The Treasury today released twelve working papers in the September instalment of its Working Papers series.
This quarter’s set of papers includes:
- New Zealand’s Production Structure: An International Comparison (WP 03/16)
- Survey Reweighting for Tax Microsimulation Modelling (WP 03/17)
- New Zealand’s Social Assistance System: Financial Incentives to Work (WP 03/18)
- Asymmetric Information, Financial Intermediation and the Monetary Transmission Mechanism (WP 03/19)
- Discrete Hours Labour Supply Modelling: Specification, Estimation and Simulation (WP 03/20)
- Objectives, Targets and Instruments for Crown Financial Policy (WP 03/21)
- Does Consumer Confidence Forecast Consumption Expenditure in New Zealand? (WP 03/22)
- New Zealand Labour Supply from 1991-2001: An Analysis Based on a Discrete Choice Structural Utility Model (WP 03/23)
- Encouraging Quality Regulation: Theories and Tools (WP 03/24)
- A Comparison of the NZTM and FPS Models of the New Zealand Economy (WP 03/25)
- Work and Family Balance: An Economic View (WP 03/26)
- The Ageing of the New Zealand Population, 1881-2051 (WP 03/27)

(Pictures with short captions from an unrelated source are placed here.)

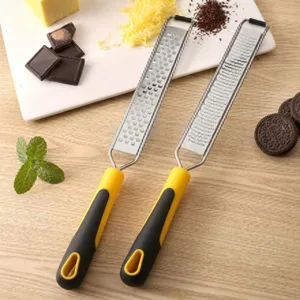 Set di due grattugie per formaggio in acciaio inox e scorza con manici ergonomici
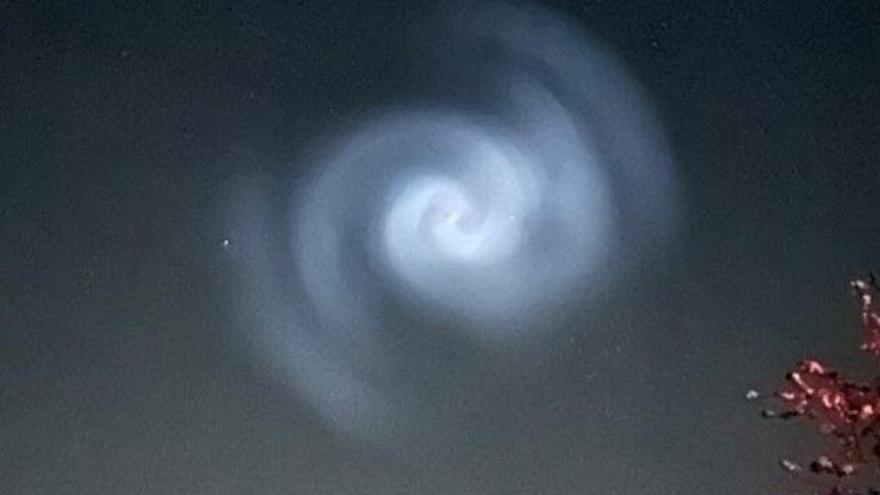 Un cohete de Space X deja una espiral brillante en los cielos de Europa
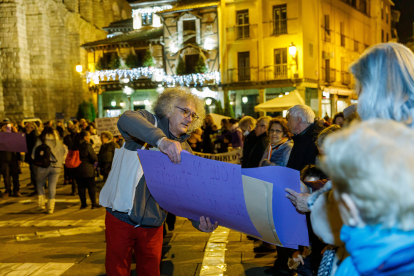 Manifestación del 25-N por las calles de Segovia.- ICAL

A full list of the abstracts from the twelve papers follows.
The papers can all be found at [http://www.treasury.govt.nz/publications/research-policy/.]
The Treasury Working Papers series contains work in progress on a variety of economic and financial issues. The series aims to help to increase understanding of Treasury and its work, and to make this work available to a larger audience. The working papers build internal capability, as well as generating more informed debate on key issues. The series has been running since 1998.

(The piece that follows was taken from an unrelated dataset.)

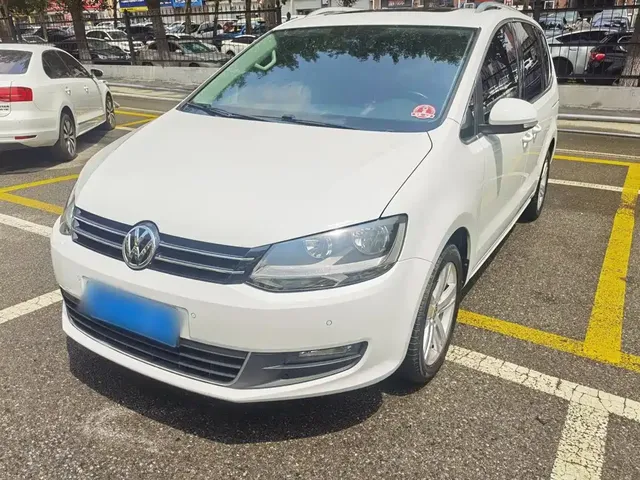 Volkswagen Sharan 2018 380TSI Comfort 6-Seater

The views expressed in the Working Papers are those of the authors and do not necessarily reflect the views of the New Zealand Treasury. The papers are presented not as policy, but with a view to inform and stimulate wider debate.

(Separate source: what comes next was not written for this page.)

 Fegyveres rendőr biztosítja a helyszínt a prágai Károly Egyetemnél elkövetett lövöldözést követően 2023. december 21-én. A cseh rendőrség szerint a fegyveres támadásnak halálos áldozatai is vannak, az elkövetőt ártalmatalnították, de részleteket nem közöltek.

03/16 New Zealand’s Production Structure: An International Comparison
Iris Claus and Kathy Li
The purpose of this paper is to compare New Zealand’s production structure in the mid-1990s to that in other OECD countries using input output analysis. Comparable inter industry transactions tables to the New Zealand data are available for Australia, Belgium, Denmark, Finland, Germany, Norway and the United Kingdom. The composition of total supply and value added is examined across countries. Backward and forward linkages, indices of industry interconnectedness, a value added production multiplier, a cumulated primary input coefficient for compensation of employees and a measure of import content of final demand output are calculated, taking into account direct and indirect transactions. New Zealand’s industrial structure is broadly similar to that in other OECD countries. Some differences arise as certain industries are more important in some countries. New Zealand’s exports appear to be more diversified and have a large value added content. Moreover, the return to capital, as measured by the share of gross operating surplus in value added, is high.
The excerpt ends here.